__ASSIGNMENT__
Output, word for word, the line that contains "Buy Reebok Women" and all lines following it to the end of the listing. Drop the pictures.
*** Opening of THE DATA ***
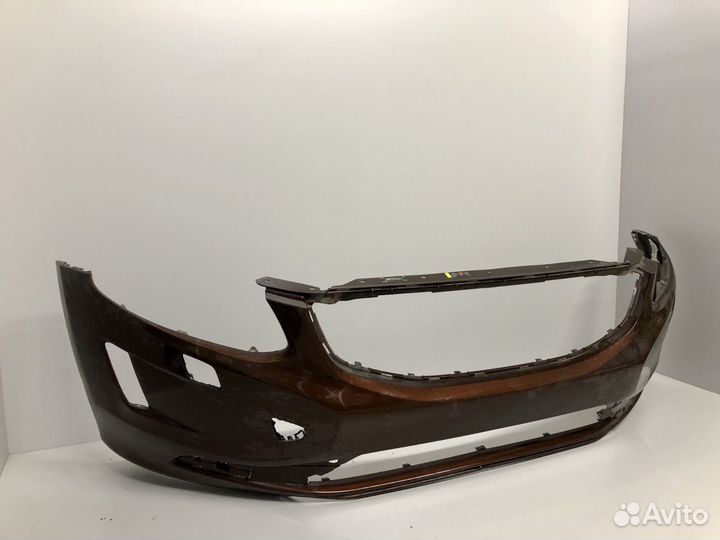 Бампер передний Volvo XC60 2008-2017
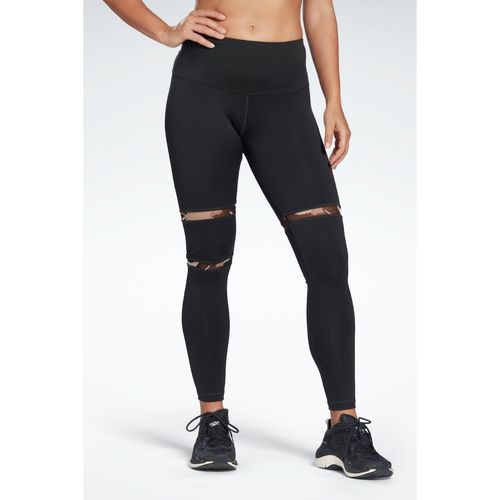 Buy Reebok Women Training Meet You There Detail Poly Tight Online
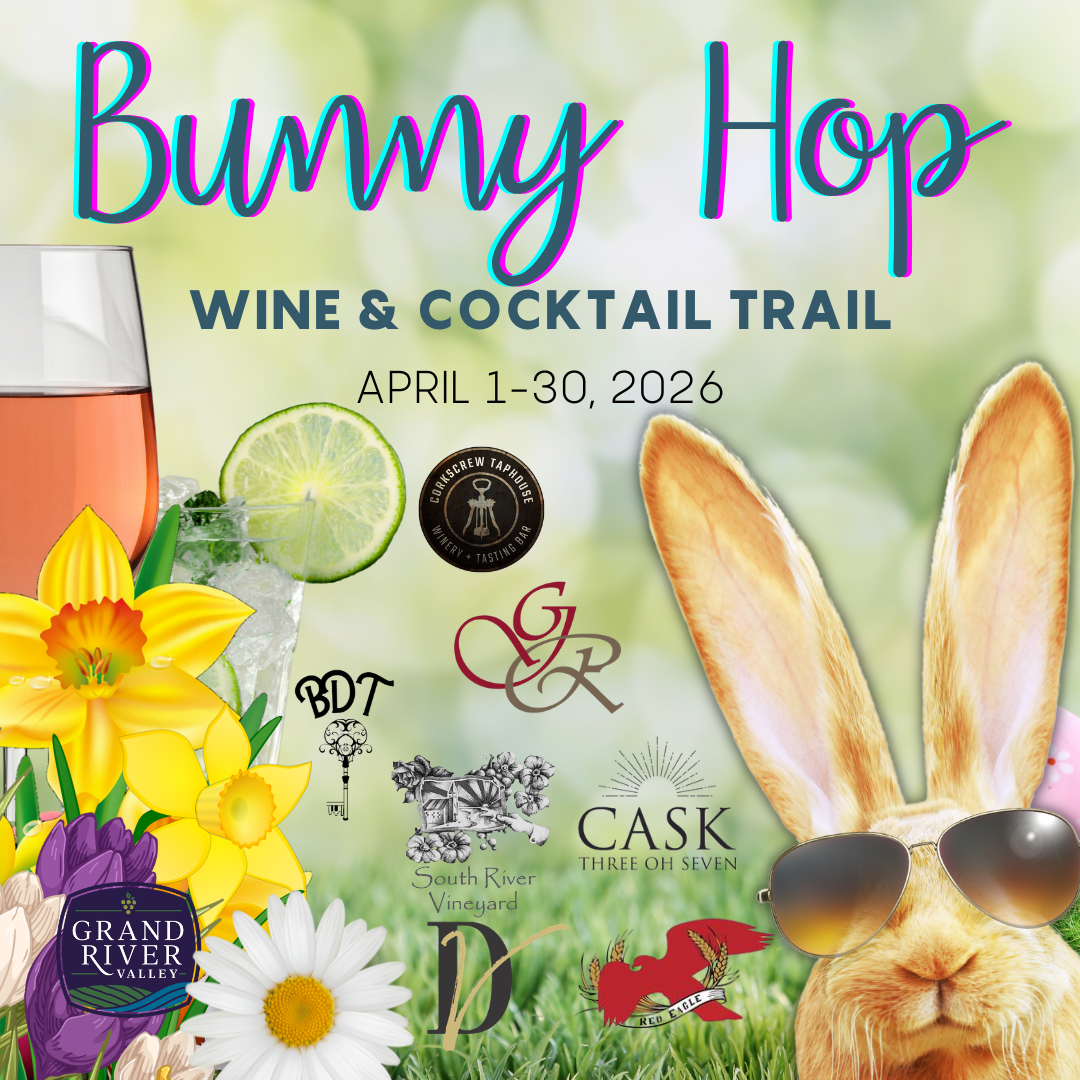 Debonné Vineyards - Bunny Hop Wine &amp; Cocktail Trail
*** Close of THE DATA ***
__TASK ANSWER__
 Buy Reebok Women Training Meet You There Detail Poly Tight Online
 Debonné Vineyards - Bunny Hop Wine &amp; Cocktail Trail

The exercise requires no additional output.